## Entries supplied
Segment Open

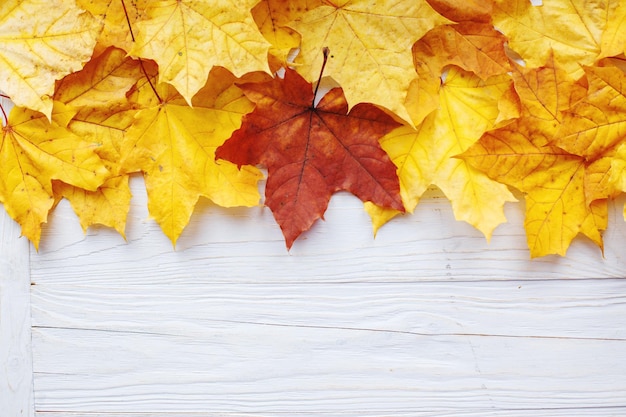 Marco de hojas de otoño sobre fondo de madera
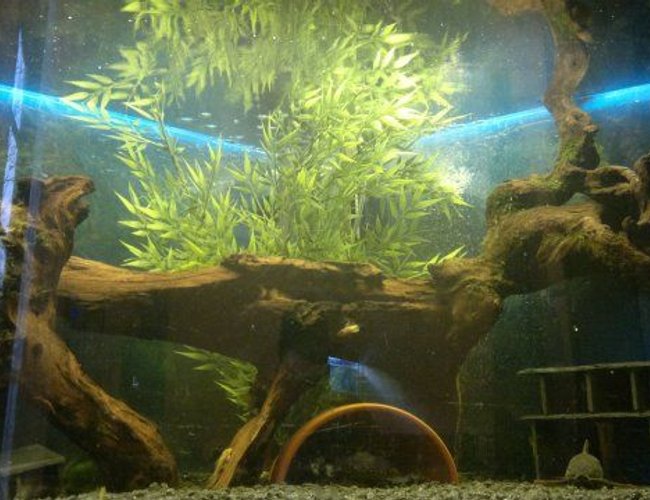 42 gallons freshwater fish tank (mostly fish and non-living decorations) - W.I.P 42 gallons freshwater fish tank (mostly fish and non-living decorations) - W.I.P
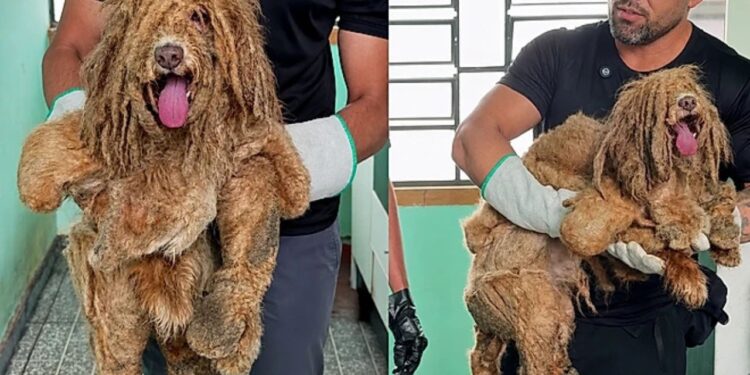 Dois anos sem banho: o resgate do cão que carregava 1,5 kg de pelos embolados”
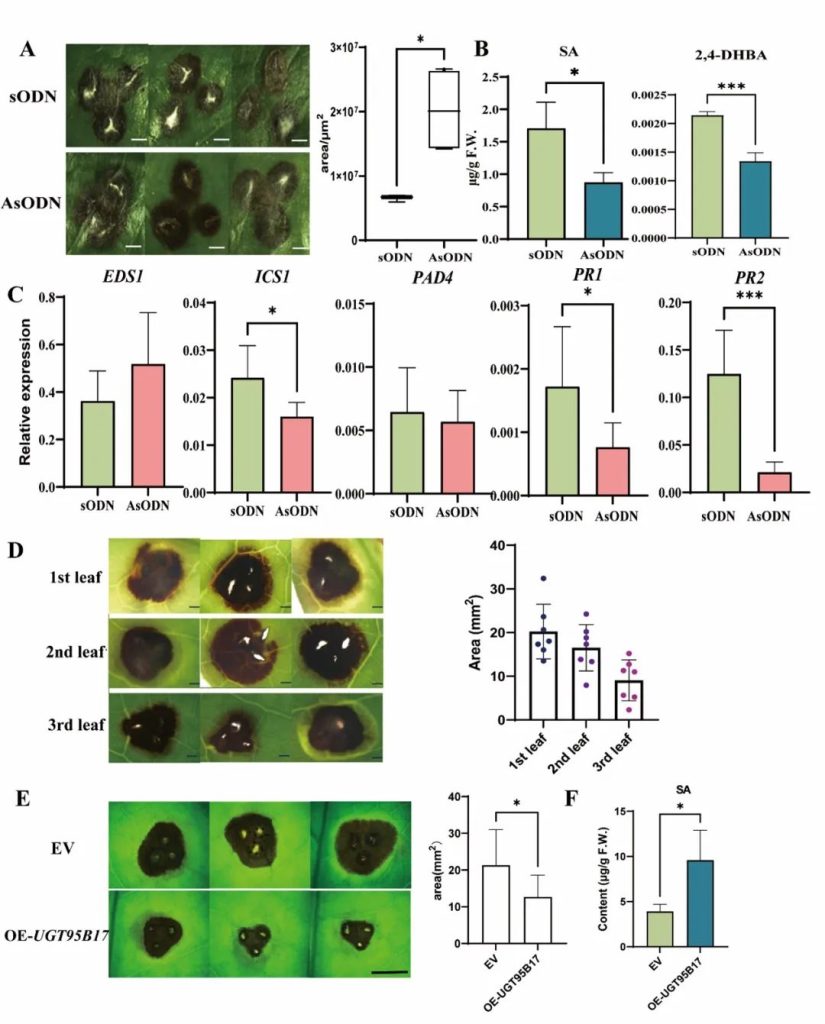 《Adv. Sci. | 安徽农业大学宋传奎团队在茶树中发现参与抗病的新型SA衍生物糖苷及合成途径》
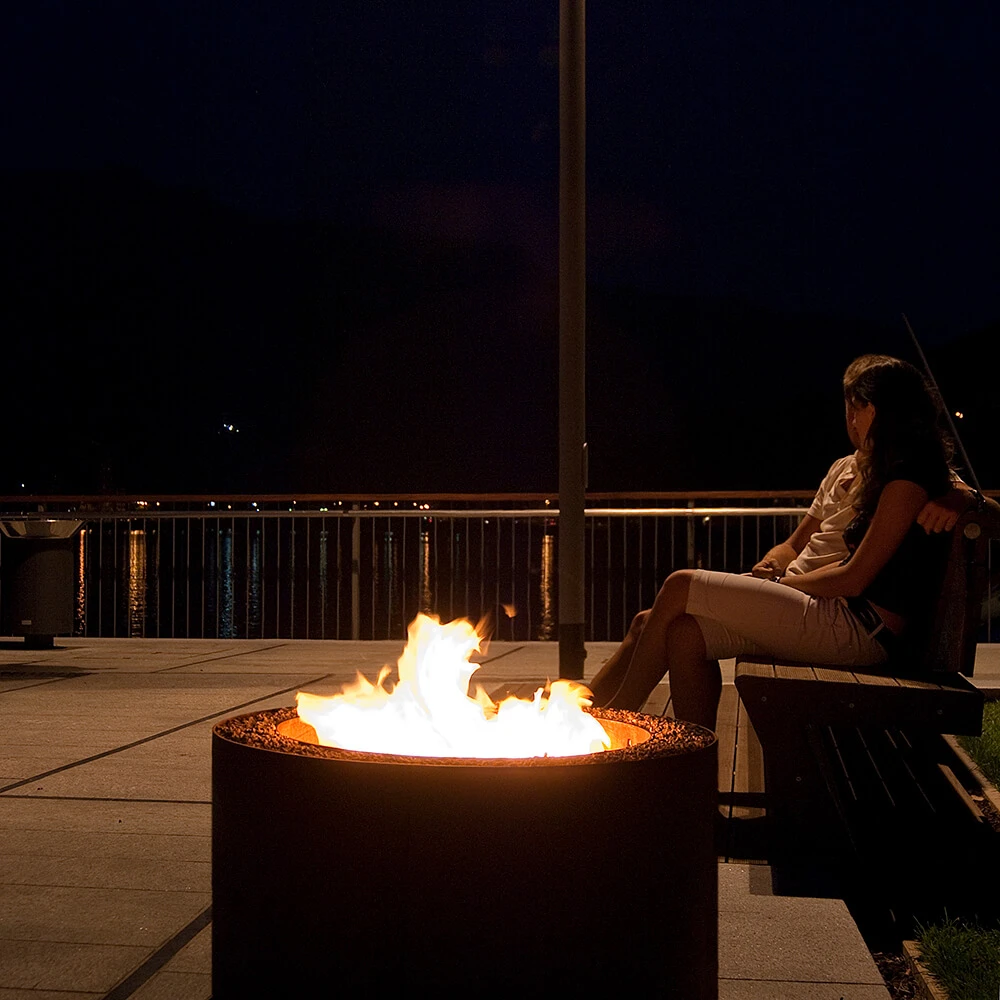 Fireplace / Miscellaneous 2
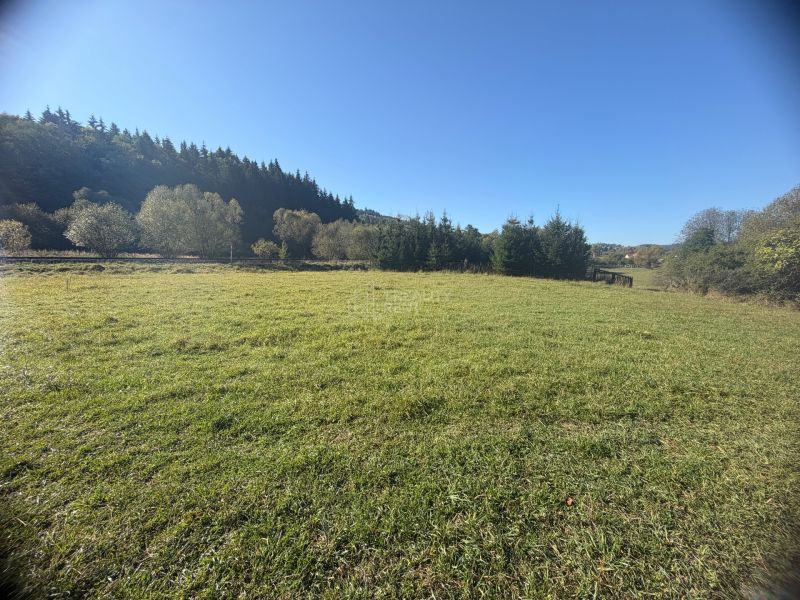 Plots - housing in Podvysoká, flat grassy area surrounded by trees with a clear sky.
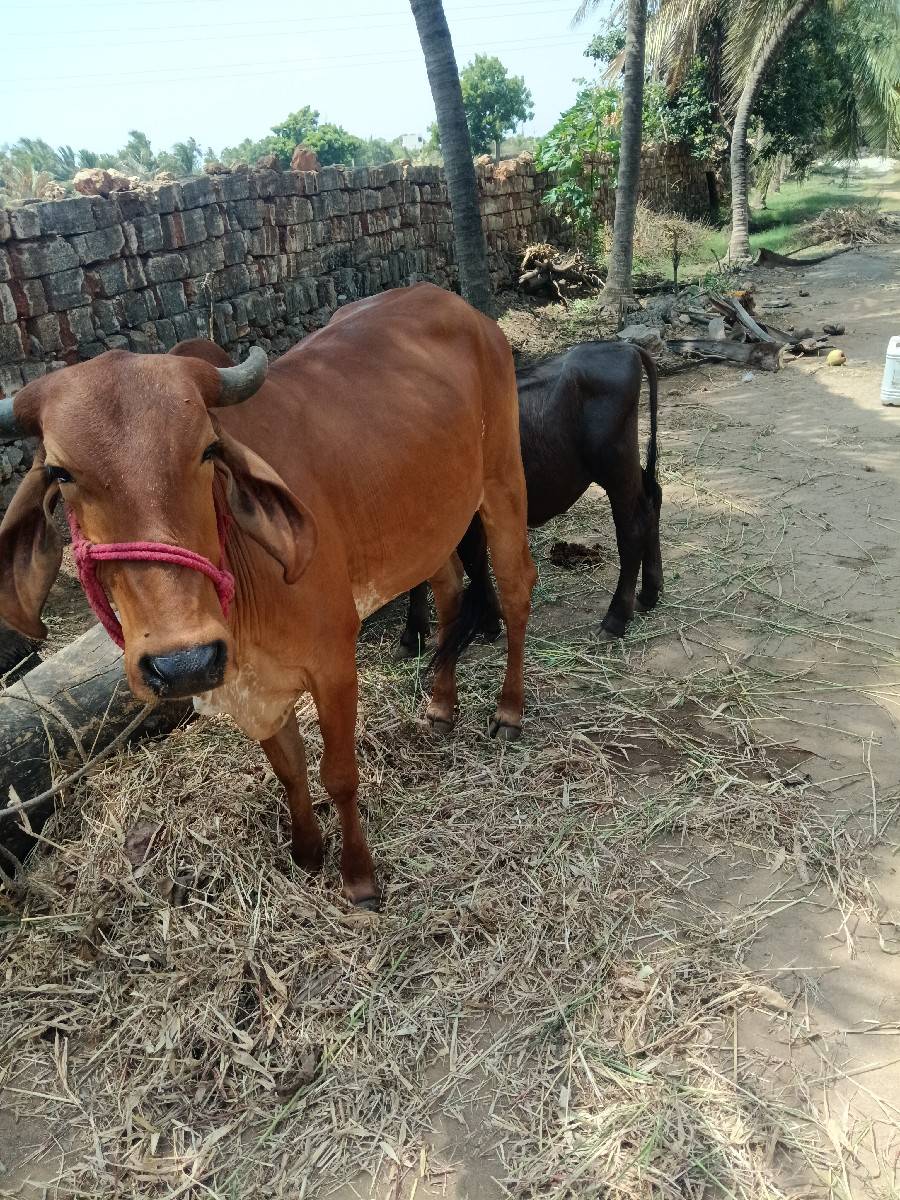 વેચવાની છે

Segment Closed

## Exercise goal
Omit every picture while transcribing the records above exactly.

## Written response
 Marco de hojas de otoño sobre fondo de madera
 42 gallons freshwater fish tank (mostly fish and non-living decorations) - W.I.P 42 gallons freshwater fish tank (mostly fish and non-living decorations) - W.I.P
 Dois anos sem banho: o resgate do cão que carregava 1,5 kg de pelos embolados”
 《Adv. Sci. | 安徽农业大学宋传奎团队在茶树中发现参与抗病的新型SA衍生物糖苷及合成途径》
 Fireplace / Miscellaneous 2
 Plots - housing in Podvysoká, flat grassy area surrounded by trees with a clear sky.
 વેચવાની છે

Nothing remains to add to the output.